The bacterial suspension prepared by the product has accurate bacterial content range, can reduce the error of each test and greatly increase the success rate of the test.
Similar products on the market are all particles with certain shapes and are filled in a common penicillin bottle, and the products in the mode must be lyophilized by adopting a mold and then subpackaged. This process can make the freeze-drying thing moisture absorption certainly, makes the freeze-drying thing water content increase, influences the activity of microorganism in the freeze-drying thing, and transient high temperature environment can make the freeze-drying thing liquefaction or atrophy promptly, if want to avoid the negative effect that brings when partial shipment, needs special customization closing device to guarantee aseptic nature and the aridity of partial shipment environment, perhaps needs to reform transform the freeze dryer, greatly increased the cost input of producing this type of product.

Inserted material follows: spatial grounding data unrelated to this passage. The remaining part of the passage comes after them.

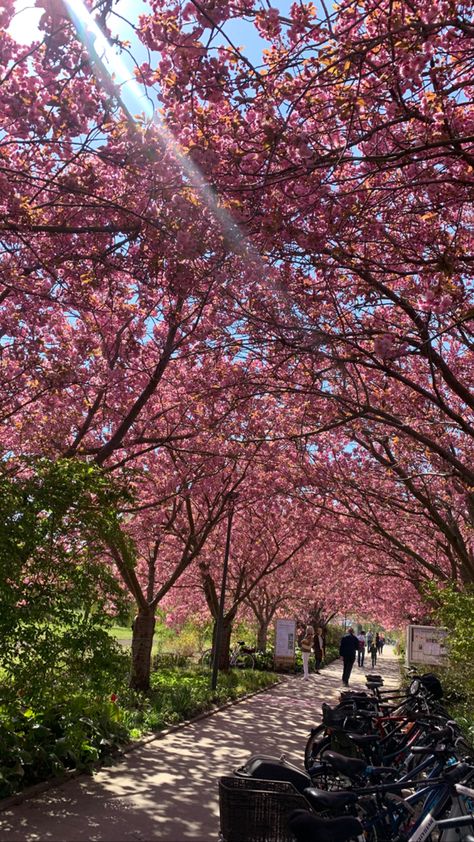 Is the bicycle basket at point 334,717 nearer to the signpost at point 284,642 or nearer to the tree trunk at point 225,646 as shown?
the tree trunk at point 225,646

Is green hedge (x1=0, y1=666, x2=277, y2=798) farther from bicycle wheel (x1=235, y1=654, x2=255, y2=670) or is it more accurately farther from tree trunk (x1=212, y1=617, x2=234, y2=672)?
bicycle wheel (x1=235, y1=654, x2=255, y2=670)

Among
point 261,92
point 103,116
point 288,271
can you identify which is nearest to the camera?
point 261,92

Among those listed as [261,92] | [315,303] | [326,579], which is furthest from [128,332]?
[326,579]

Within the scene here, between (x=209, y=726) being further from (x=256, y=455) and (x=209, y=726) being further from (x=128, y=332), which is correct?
(x=128, y=332)

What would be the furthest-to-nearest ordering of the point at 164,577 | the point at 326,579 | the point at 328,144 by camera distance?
the point at 326,579 → the point at 164,577 → the point at 328,144

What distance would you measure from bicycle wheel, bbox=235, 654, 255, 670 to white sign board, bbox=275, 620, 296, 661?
1510mm

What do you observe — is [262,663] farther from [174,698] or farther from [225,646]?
[174,698]

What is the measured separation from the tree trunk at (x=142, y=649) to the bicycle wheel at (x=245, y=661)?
39.1 ft

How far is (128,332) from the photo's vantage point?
10391 mm

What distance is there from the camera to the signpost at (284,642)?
23609 mm

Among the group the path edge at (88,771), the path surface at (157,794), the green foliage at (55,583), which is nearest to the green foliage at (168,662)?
the path edge at (88,771)

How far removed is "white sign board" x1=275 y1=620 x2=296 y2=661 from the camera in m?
23.6

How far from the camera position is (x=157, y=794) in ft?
22.4

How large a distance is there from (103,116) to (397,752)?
6.47 m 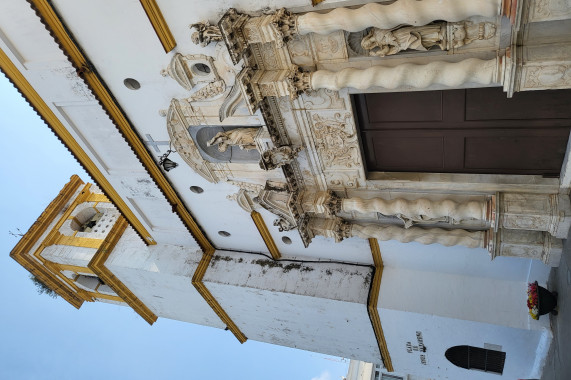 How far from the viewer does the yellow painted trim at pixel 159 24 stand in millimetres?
5797

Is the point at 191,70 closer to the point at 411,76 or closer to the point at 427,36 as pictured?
the point at 411,76

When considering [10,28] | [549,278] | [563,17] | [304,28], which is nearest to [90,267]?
[10,28]

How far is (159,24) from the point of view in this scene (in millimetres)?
5941

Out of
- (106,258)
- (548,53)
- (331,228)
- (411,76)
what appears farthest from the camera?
(106,258)

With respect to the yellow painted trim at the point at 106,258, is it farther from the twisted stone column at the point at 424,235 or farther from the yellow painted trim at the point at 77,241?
the twisted stone column at the point at 424,235

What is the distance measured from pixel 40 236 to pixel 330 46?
10.6 m

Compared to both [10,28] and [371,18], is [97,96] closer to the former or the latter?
[10,28]

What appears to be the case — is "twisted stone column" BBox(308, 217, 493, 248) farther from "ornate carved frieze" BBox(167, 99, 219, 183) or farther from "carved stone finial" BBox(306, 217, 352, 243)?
"ornate carved frieze" BBox(167, 99, 219, 183)

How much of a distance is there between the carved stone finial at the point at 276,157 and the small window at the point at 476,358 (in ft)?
18.0

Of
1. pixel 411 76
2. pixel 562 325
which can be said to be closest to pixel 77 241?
pixel 411 76

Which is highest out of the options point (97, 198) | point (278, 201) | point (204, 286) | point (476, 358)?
point (97, 198)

The freeze-dried quality control working strain needs to be dissolved by a small amount of dissolving liquid in the using process, if the dissolved quality control working strain contains too many nutrient substances, the stability of the number of bacteria and the accuracy of a test can be influenced, and the existing freeze-drying maintaining method is too complex to operate when in use, long-time freeze-dried substances are exposed at normal temperature to cause the loss of microorganisms, so that the subpackaging time is too long, and the activity of the microorganisms is easily reduced.
Disclosure of Invention
In order to make up for the defects, the invention provides a freeze-drying preservation method of a quantitative working quality control strain, aiming at improving the quality of a freeze-drying liquid, reducing pollution, loss and moisture, realizing the protection of a bacterial suspension by a freeze-drying protection liquid and the like through simple steps.
The invention is realized by the following steps:
a freeze-drying preservation method of quantitative working quality control strains comprises the following steps:
s1, culturing microorganisms to prepare a bacterial suspension: culturing single microorganism under appropriate conditions, eluting thallus Porphyrae with sterile eluate, and mixing; diluting the mixture into bacterial suspension with required concentration by using sterile diluent;
s2, carrying out viable bacteria counting treatment on the bacterial suspension: dyeing the microorganism in the bacterial suspension by using a methylene blue dye, dripping the dyed bacterial suspension in a counting plate for viable bacteria counting, and determining the concentration of the microorganism in the suspension;
s3, freeze-drying the bacterial suspension: after the number of the viable bacteria in the S2 is calculated, diluting the original bacteria suspension to a proper concentration, mixing the diluted bacteria suspension with a freeze-drying protective solution 1:1, subpackaging the mixture into a special penicillin bottle, and freeze-drying the mixture to finally prepare a freeze-dried substance with an accurate microorganism concentration range;
s4, dissolving the freeze-dried substance for use: when in use, sodium chloride peptone solution with the pH value of 7.0 is adopted to dissolve the freeze-dried substance, and bacterial suspension with precise microorganism concentration range is prepared after dissolution and then is directly used for various tests.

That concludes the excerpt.